Exercise prompt: Would you please return only the lines from the one with "North Broadway @" through the last line of the records below, leaving the pictures out?

Short descriptive text snippets
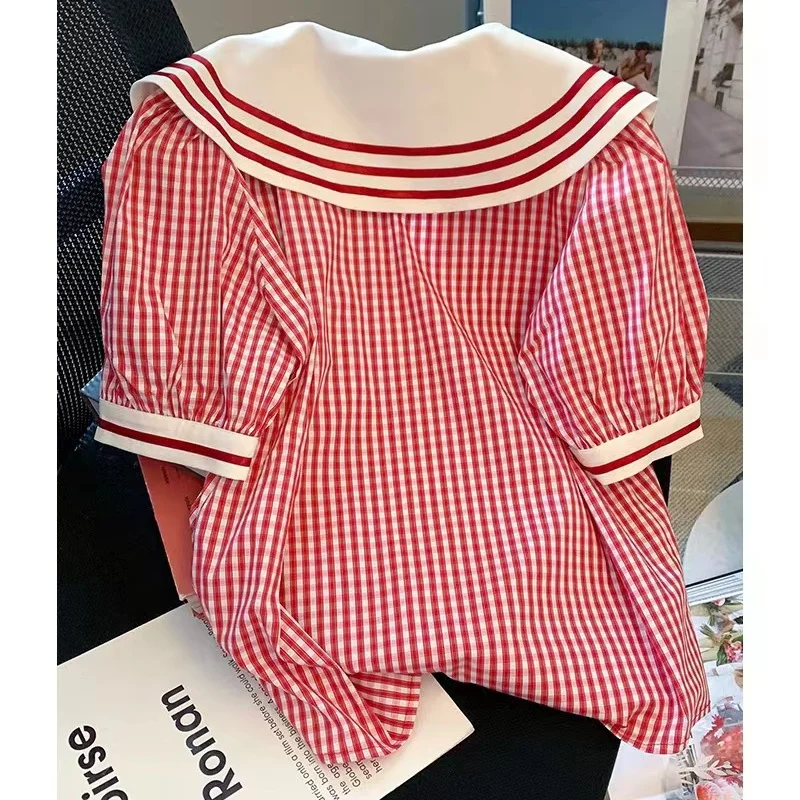 Korejpaa Sweet Women Shirt Preppy Style Navy Collar Short Sleeved Plaid Shirts Casual Korean Fashion Spring Summer Tops Mujer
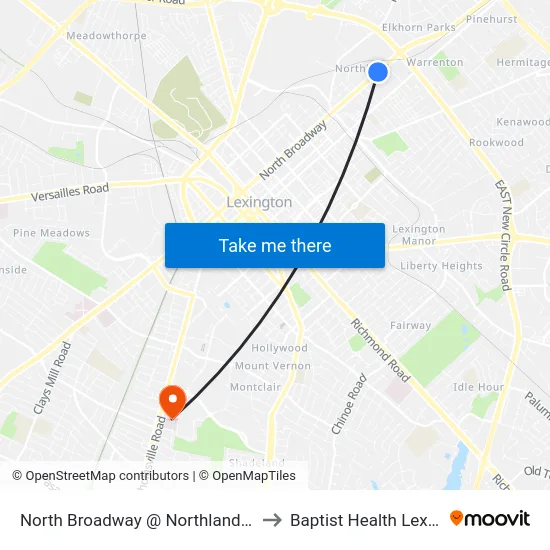 North Broadway @ Northland Inbound to Baptist Health Lexington map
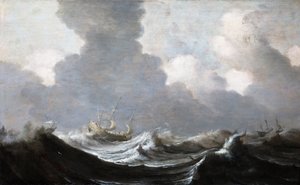 Fırtına Önünde Koşan Dört Gemi, 1630 by Pieter Mulier the Elder
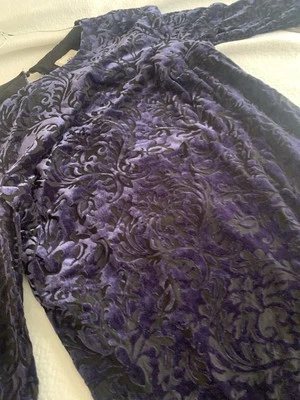 Vestido para mujer eci de terciopelo púrpura manga campana Burnout caprichoso Y2K Boho M Club Foto 1 de 4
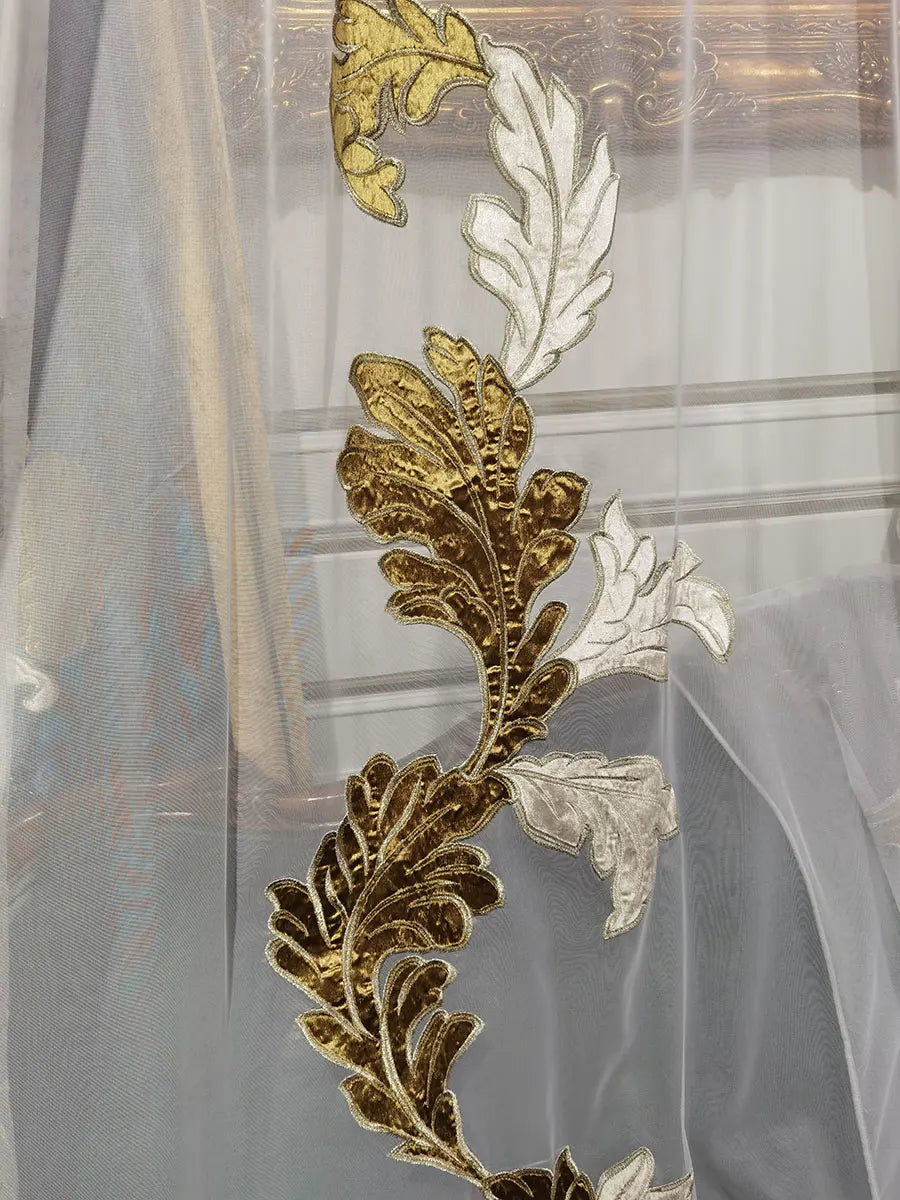 European Curtains for Living RoomCustom New High-end Villa French Bedroom Velvet Embroidered American Cotton Wool Large Flowers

Solution to the problem:
 North Broadway @ Northland Inbound to Baptist Health Lexington map
 Fırtına Önünde Koşan Dört Gemi, 1630 by Pieter Mulier the Elder
 Vestido para mujer eci de terciopelo púrpura manga campana Burnout caprichoso Y2K Boho M Club Foto 1 de 4
 European Curtains for Living RoomCustom New High-end Villa French Bedroom Velvet Embroidered American Cotton Wool Large Flowers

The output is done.